Didier Convard  : Tout à fait ! Le polar, tout comme le feuilleton, est un exercice de style. Il existe des codes à respecter : il faut qu'il y ait un meurtre ou une disparition ou un vol ; qu'il y ait un coupable qui ne le soit pas forcément ; qu'il y ait une raison ou un mobile ; et que survienne un enquêteur… Il s'agit d'un système d'équations : j'aime assez concevoir mes scénarios comme des équations, faire passer une inconnue d'une équation à une autre… Le polar permet tous ces exercices de style. Ici, en l'occurrence, nous avons beaucoup réfléchi, Denis et moi, en amont : c'est pour cela que nous avons obtenu cette maquette de couverture, créée par notre directeur artistique chez Glénat.

À propos, qui a eu l'idée de cette composition basée sur une coupure de presse ?

Didier Convard  : Moi… Je voulais une coupure de presse en couverture. Je ne savais pas du tout comment faire et le directeur artistique des éditions Glénat nous a pondu une couverture qui est vraiment extraordinaire. Parce que c'est exactement l'essence même de notre bouquin.

Effectivement, elle est surprenante…

Didier Convard  : Oui, je crois qu'elle est surprenante, pour ne pas dire paradoxale…

Denis Falque  : En fait, nous avions proposé diverses idées. Finalement, la maquette a été créée avant mon dessin. Nous tournions, Didier et moi, autour de quelque chose dans cet esprit… Mais tant que nous n'avions pas la maquette définitive, je ne pouvais pas dessiner le personnage s'y inscrivant… J'ai vraiment dessiné le personnage de couverture en fonction de la maquette proposée.

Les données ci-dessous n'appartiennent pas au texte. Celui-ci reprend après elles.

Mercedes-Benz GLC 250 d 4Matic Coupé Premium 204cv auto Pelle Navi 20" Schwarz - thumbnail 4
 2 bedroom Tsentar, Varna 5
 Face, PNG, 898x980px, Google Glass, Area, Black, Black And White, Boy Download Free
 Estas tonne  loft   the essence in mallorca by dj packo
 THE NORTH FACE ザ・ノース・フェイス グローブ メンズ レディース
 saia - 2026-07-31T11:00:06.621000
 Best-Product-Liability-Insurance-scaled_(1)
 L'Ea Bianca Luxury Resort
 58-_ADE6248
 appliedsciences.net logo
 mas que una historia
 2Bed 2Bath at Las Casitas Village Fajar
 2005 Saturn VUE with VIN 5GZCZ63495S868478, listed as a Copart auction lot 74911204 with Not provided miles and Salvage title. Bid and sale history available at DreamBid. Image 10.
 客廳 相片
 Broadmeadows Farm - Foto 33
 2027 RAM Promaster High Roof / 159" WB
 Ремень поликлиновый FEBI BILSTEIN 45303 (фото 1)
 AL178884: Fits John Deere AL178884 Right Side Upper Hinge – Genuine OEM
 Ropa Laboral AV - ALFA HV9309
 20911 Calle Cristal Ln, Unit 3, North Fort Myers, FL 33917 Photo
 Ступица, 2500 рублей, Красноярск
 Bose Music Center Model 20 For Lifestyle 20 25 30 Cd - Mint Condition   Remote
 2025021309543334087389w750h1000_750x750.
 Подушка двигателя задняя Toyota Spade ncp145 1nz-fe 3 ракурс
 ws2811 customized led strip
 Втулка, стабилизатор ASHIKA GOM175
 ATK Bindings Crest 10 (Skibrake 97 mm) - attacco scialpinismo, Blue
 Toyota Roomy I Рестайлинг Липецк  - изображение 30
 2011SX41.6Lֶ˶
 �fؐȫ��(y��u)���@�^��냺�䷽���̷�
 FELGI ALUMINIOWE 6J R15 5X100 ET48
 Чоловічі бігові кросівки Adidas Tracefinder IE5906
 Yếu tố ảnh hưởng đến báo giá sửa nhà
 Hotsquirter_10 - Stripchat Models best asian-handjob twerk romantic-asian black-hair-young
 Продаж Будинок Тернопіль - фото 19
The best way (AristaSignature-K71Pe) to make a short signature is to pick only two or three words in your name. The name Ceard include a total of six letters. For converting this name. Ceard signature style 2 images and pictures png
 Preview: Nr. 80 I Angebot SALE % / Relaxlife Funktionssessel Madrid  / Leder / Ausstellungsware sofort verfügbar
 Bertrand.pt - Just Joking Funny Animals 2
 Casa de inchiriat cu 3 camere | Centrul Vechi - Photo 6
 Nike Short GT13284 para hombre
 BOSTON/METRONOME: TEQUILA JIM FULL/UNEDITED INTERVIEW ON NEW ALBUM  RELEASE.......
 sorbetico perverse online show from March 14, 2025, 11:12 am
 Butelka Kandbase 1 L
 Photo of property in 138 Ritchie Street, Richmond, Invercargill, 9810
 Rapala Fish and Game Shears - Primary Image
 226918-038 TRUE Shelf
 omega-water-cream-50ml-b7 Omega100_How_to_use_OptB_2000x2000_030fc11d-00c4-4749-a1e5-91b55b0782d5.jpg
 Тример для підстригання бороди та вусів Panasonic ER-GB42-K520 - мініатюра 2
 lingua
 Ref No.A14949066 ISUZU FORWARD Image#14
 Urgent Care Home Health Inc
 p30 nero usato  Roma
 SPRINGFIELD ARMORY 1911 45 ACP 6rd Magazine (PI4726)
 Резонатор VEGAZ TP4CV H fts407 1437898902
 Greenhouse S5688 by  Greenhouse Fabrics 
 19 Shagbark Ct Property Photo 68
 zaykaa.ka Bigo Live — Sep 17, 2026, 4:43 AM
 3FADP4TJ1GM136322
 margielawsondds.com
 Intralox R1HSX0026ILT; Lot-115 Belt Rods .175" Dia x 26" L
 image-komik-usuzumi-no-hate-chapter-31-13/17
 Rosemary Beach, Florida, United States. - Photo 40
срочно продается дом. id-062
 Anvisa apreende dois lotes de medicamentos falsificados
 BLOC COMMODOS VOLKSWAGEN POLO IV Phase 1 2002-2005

Didier Convard  : Nous voulions montrer, par la couverture aussi, que nous ne faisions pas un polar à l'ancienne. D'où cette volonté d'une couverture se démarquant d'un album classique : le fait qu'il faille y lire une accroche de l'histoire, ce mélange d'un personnage réaliste avec une photo derrière… Le graphisme du titre est tout à fait remarquable. Que dire de plus sur Le Protocole du Tueur ma foi ? Que les dessins de Denis sont remarquables ! Et qu'il s'affirme de plus en plus…

Je peux en effet en témoigner. Dès janvier 2001, tu m'avais déclaré - au sein d'un entretien pour Auracan.com - combien tu croyais et misais sur le travail de Denis Falque…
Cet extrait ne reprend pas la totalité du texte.